Domain names and the Network Information Center

SRI was the first organization to assign website addresses such as “” with extensions such as “.com,” “.org,” and “.gov.” Known as top-level domain names, or TLDs, these addresses were assigned to network hosts by the Network Information Center (NIC), managed by SRI from 1970 until 1991.

The NIC was the information hub first for the ARPANET (the small network that predated the Internet, on which SRI was an original node), and later for the Defense Data Network (DDN). The ARPANET became the segment of the DDN used by government, university, and other researchers. These networks eventually grew into the Internet we use today.

Host names were important because they and their corresponding addresses were used to direct network traffic correctly. As early as 1971, one of the NIC’s assignments was to maintain and administer host tables for the network. Later, the NIC also administered Internet Protocol (IP) addresses.

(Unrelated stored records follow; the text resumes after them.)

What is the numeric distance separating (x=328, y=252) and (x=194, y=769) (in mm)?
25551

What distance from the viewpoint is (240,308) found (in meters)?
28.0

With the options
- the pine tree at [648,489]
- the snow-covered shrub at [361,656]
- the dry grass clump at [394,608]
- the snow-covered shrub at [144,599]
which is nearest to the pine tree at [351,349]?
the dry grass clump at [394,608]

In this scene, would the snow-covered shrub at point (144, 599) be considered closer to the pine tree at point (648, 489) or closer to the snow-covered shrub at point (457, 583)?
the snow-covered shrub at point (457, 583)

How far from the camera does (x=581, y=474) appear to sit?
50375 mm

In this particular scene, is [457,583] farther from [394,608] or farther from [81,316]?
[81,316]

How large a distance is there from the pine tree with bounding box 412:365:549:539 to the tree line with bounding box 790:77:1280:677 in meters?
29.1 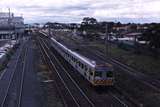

Elizabeth “Jake” Feinler led the NIC for most of the 22 years that it was managed by SRI. In 1991, the Internet opened to commercial traffic, and the role of naming was transferred to other government and commercial entities. (No one knew back then that “dot com” would become household words!) Governance of the naming process fell to ICANN (Internet Corporation for Assigned Names and Numbers) in 1998. For her pioneering work, Feinler was elected to the Internet Hall of Fame in 2012.